Indeed, the sons of enslavers often repeated the patterns of sexual exploitation they learned on the plantation. In 1826, two students at the University of Virginia raped a sixteen-year-old enslaved woman and later “stripped her naked and beat her” for giving them a venereal disease, as recounted by Alan Taylor in Thomas Jefferson’s Education (2019).
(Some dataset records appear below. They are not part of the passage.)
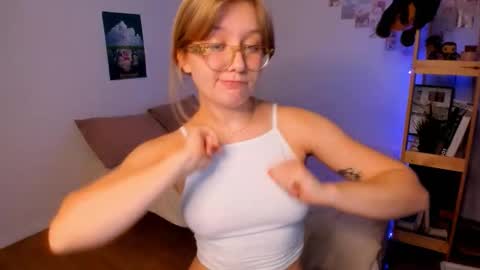 Ellie online show from October 20, 2025, 6:14 am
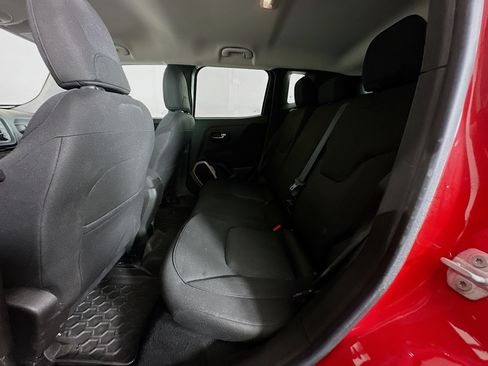 Used 2015 Jeep Renegade Latitude AWD/4WD image 25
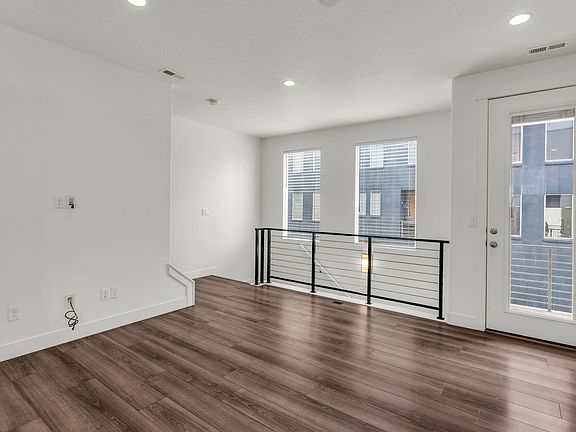 4th image of 6204 W Birch Run Rd S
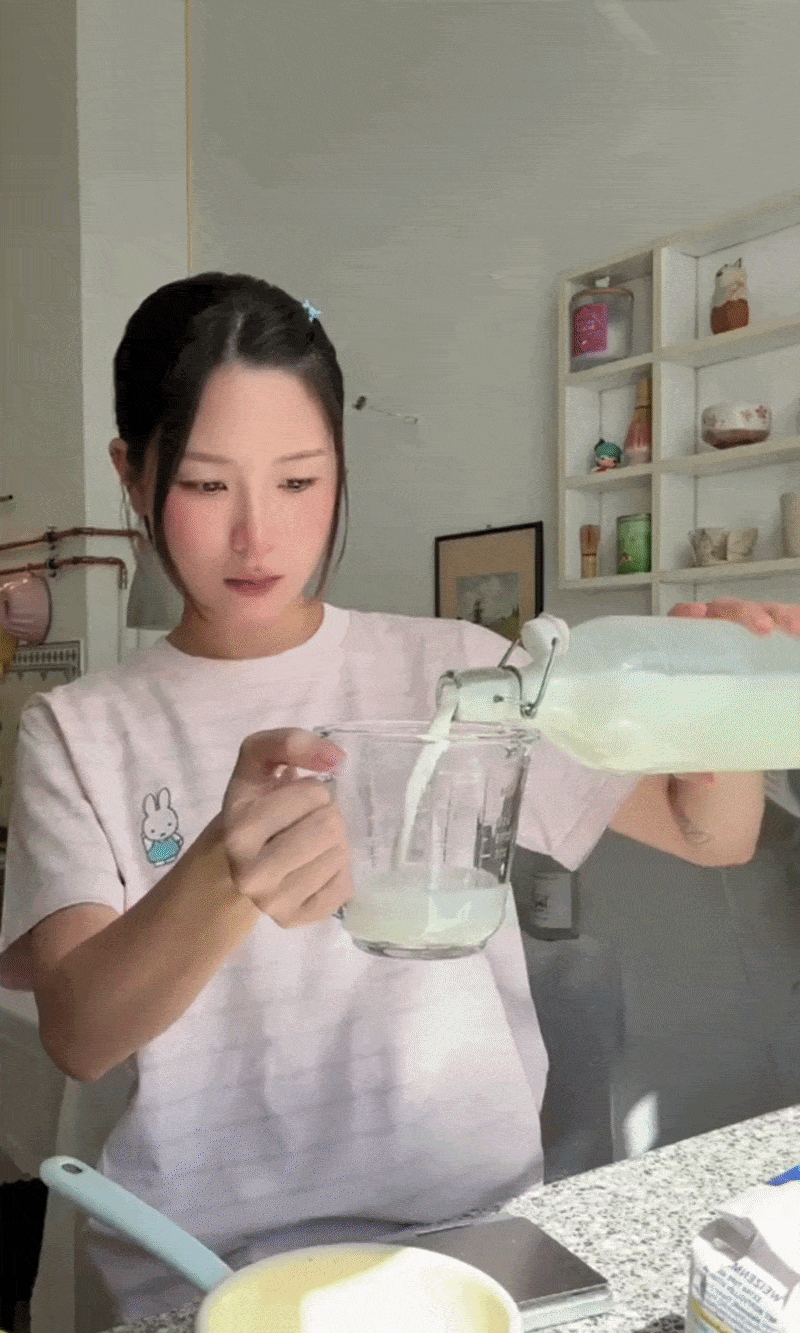 Thạch Trang nấu ăn g&acirc;y tranh c&atilde;i: B&aacute;nh d&iacute;nh l&ocirc;ng m&egrave;o v&agrave; sữa uống dở - Ảnh 3.
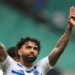 Gabigol marca golaço no fim, e Cruzeiro vence o Bahia pelo Brasileirão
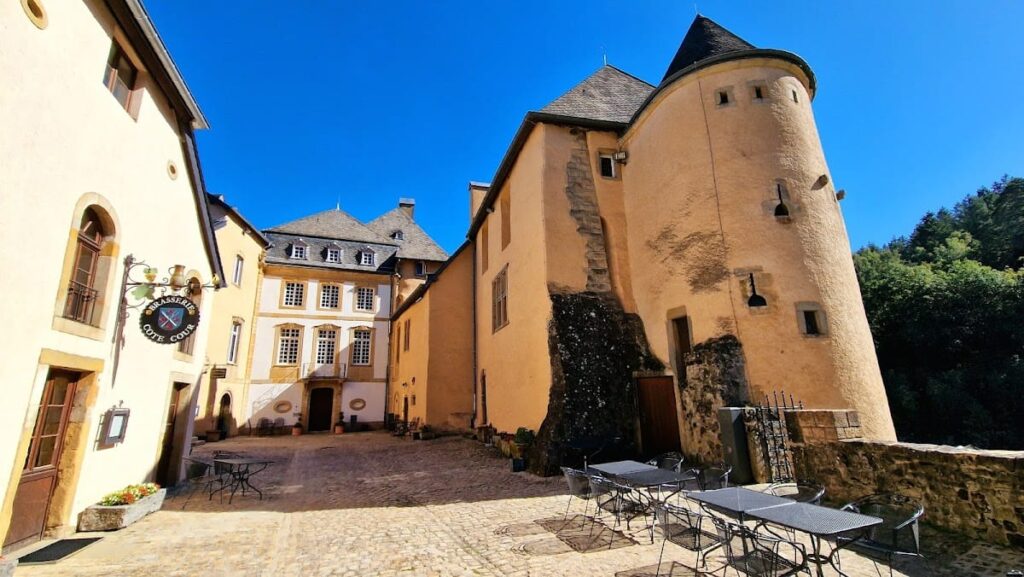 Bourglinster Castle: A Medieval Fortified Residence in Luxembourg 2 Bourglinster Castle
Women were not the only ones who faced sexual assault. Jacobs noted that in addition to raping enslaved women, enslavers did in some cases “exercise the same authority over the male slaves.” In an 1787 incident in Maryland, an enslaved man was sexually assaulted when he was forced at gunpoint by two white men to rape a free Black woman. As with enslaved women, fighting back was usually futile, as those who resisted would be whipped or sold to a plantation in the Lower South, separated from their families and consigned to a life of even harder labor. Nonetheless, some enslaved people did resist, self-emancipating, fighting back, or, in extreme cases, resorting to the murder of their abusers.
Western culture’s objectification and sexualizing of Black bodies contributed to the sexual vulnerability of enslaved men and women. Black women had long been depicted by early European travelers as especially fertile and hypersexual, a view that was carried over to enslaved women to justify sexual contact without consent.